Anzeichen grundlegender mathematischer Probleme

Die ersten Anzeichen für schulische Probleme ergeben sich unmittelbar durch die Schulnoten, das Hausaufgabenverhalten, Bauch- und Kopfschmerzen, Schulfrust oder ähnliche Symptome.  

 

Haben Sie oder die Fachlehrkraft die Vermutung, Ihr Kind könnte grundlegende Schwierigkeiten beim Aufbau des mathematischen Verständnisses haben, können nachfolgende Indizien kennzeichnend sein.
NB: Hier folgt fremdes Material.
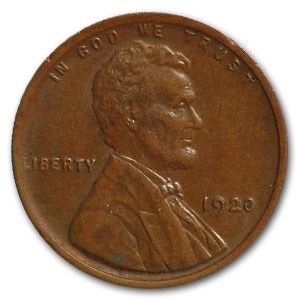 1920 Lincoln Cent AU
Bitte beachten Sie dabei, dass Schwierigkeiten beim Erlernen mathematischer Inhalte individuell verschieden sind und dass einige dieser Anzeichen auch bei Kindern, die keine besonderen Schwierigkeiten in Mathe haben, vereinzelt auftreten können.

 

Indizien für grundlegende mathematische Schwierigkeiten:

  • Keine konkrete Vorstellung von Mengen und Zahlen
  • Zählen und Rechnen klappt immer nur mit den Fingern (auch heimlich mit anderen Mitteln) oder konkretem Mathematerial (Muggelsteine, Plättchen, Rechenrahmen, ...)
  • Zählendes Rechnen über das 2. Schuljahr hinaus
  • Zahlen, Stellenwerte, Schreib- und Rechenrichtung werden vertauscht
  • Beim Ergebnis einer Addition/Subtraktion wird sich um +/- 1 verrechnet
  • Schwierigkeiten im Umgang mit allen Grundrechenarten (Addition, Subtraktion, Multiplikation, Division)
  • Kopfrechnen fällt extrem schwer
  • Das kleine 1 + 1 bzw. 1 - 1 wird nicht verinnerlicht
  • Das 1 x 1 bzw. 1 : 1 wird trotz beständigen Übens nicht beherrscht
  • Bereits gelernte Rechenverfahren können nicht nachhaltig angewandt und müssen immer wieder neu angeeignet werden
  • Das Erschließen und Bewältigen von Sachaufgaben gelingt nicht
  • Die Verknüpfung von Rechenstrategien bleibt aus
  • Der Umgang mit mathematischen Größen (Geld, Längen-/Raummaße, Uhrzeit, ...) bereitet Probleme
  • In der Sekundarstufe I (5.-10. Klasse): anhaltende Schwierigkeiten im Umgang mit Brüchen, Termen und Gleichungen
  • Ablehnung und Widerstand beim Erledigen der Mathehausaufgaben
  • Trotz Nachhilfe oder beständigen Übens fällt Mathe in der Schule schwer
  • Häufige "Flüchtigkeitsfehler"
  • Bauch- und Kopfschmerzen vor dem Matheunterricht und -klausuren
  • Blackouts bei Matheüberprüfungen
  • ...

Treffen mehrere Indizien zu, sollten Sie nicht darauf vertrauen, dass sich die Probleme verwachsen!

 

 

Verfügt Ihr Kind nicht über mathematische Basisfähigkeiten bzw. Grundfertigkeiten der Arithmetik, wird das Maß der Schwierigkeiten mit zunehmender Klassenstufe sowie dem damit verbundenen höheren Anspruchsniveau im Mathematikunterricht größer und es wird zunehmend den Bezug zu unterrichtsrelevanten Anforderungen verlieren. Ein langer Leidensweg beginnt.

 

Kinder mit besonderen Schwierigkeiten in Mathematik verlieren den Anschluss meist unbemerkt bereits in der Grundschulzeit. Daher seien Sie einfühlsam, achtsam aber auch kritisch bzgl. der mathematischen Kompetenzen Ihres Kindes! Und bedenken Sie dabei auch, dass Leistungsüberprüfungen und Zensuren subjektiv geprägte, ergebnisorientierte Momentaufnahmen sind. Sie geben keine genaue Auskunft darüber, wie Ihr Kind arithmetische Grundlagen verinnerlicht hat!

 

Im Sinne des Mottos "Prävention ist besser als Intervention" gilt es frühzeitig die individuellen Probleme Ihres Kindes zu erfassen und entsprechende Fördermaßnahmen auszuwählen.